В справке отмечается, кроме того, что планируемое объединение («слияние») индустриальных мощностей Франции и ФРГ будет «конкурентом» Великобритании, в связи с чем английский министр иностранных дел Э.Бевин занял по отношению к французской инициативе «осторожную позицию». Контрастом подчёркнуто позитивное отношение к ней со стороны ФРГ, хотя выбранный для подтверждения этого тезиса пассаж из выступления канцлера Аденауэра 11 мая (в изложении четвёрки: «осуществление этого проекта предоставит возможность германским капиталистам проникнуть во французские колонии в Африке»), разумеется, отражает не главное в интересе западногерманских кругов к «плану Шумана». Заканчивается раздел (и вся справка) изложением «демагогического заявления» Шумана о «возможном участии СССР и стран Восточной Европы в его плане»: мол, русские в принципе могут претендовать на «право контроля над Лотарингией и английскими промышленными центрами», но лишь в том случае, если западные державы получат право контроля над «индустриальными бассейнами Урала и Кавказа»25.
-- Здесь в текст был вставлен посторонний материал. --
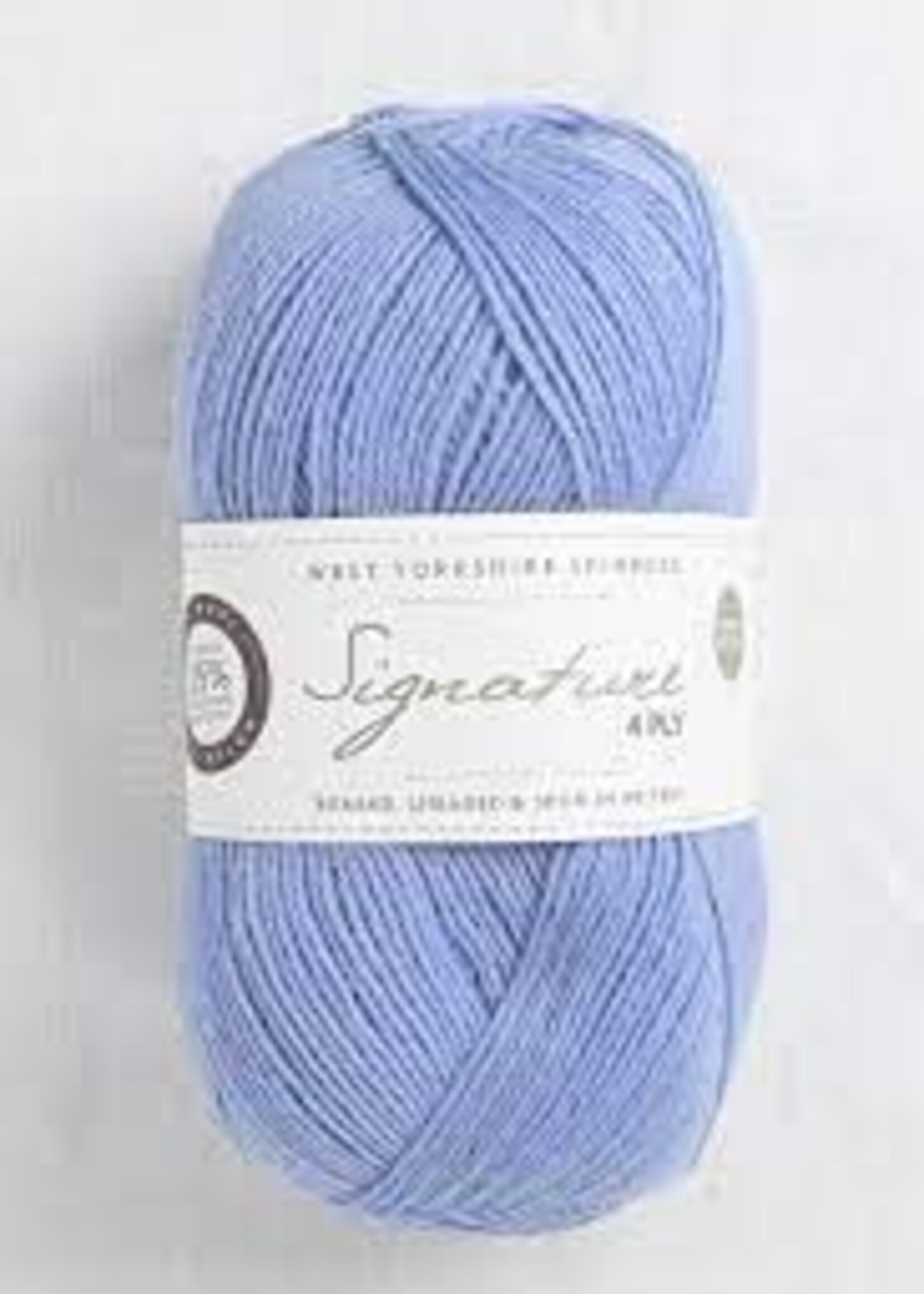 WYS Signature 4 Ply Solids - Cornflower 325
Оценивая эту первую советскую реакцию на «план Шумана» и сравнивая её с прогнозами, которые ранее давались МИДом относительно возможной повестки дня и решений Лондонской конференции, можно отметить известное снижение алармистского тона. В справке от 26 апреля, например, предрекалось, что три державы «выдвинут демагогическое предложение о проведении общегерманских выборов или плебисцита об объединении Германии», поставят вопрос о включении Западного Берлина в ФРГ в качестве 12-й земли и даже примут «совместную декларацию, требующую возвращения Германии находящихся сейчас под управлением Польши территорий за линией Одер-Нейсе»26. Ни один из этих крайне неприятных для советской стороны сюжетов в Лондоне не был затронут, и этот факт был воспринят аналитиками МИДа с чувством явного облегчения. В этом контексте «план Шумана» был воспринят скорее как некое отступление Запада от крайне агрессивного курса, если и грозящее чем-то, то лишь в долгосрочной, но никак не в краткосрочной перспективе. Соответственно если справка от 26 апреля завершалась изложением развёрнутой программы «ответных мер», то в документе от 14 мая ничего подобного уже не было. Вряд ли это было упущение авторов, вызванное спешкой или атмосферой выходного дня. В целом первая реакция на «план Шумана» была спокойной.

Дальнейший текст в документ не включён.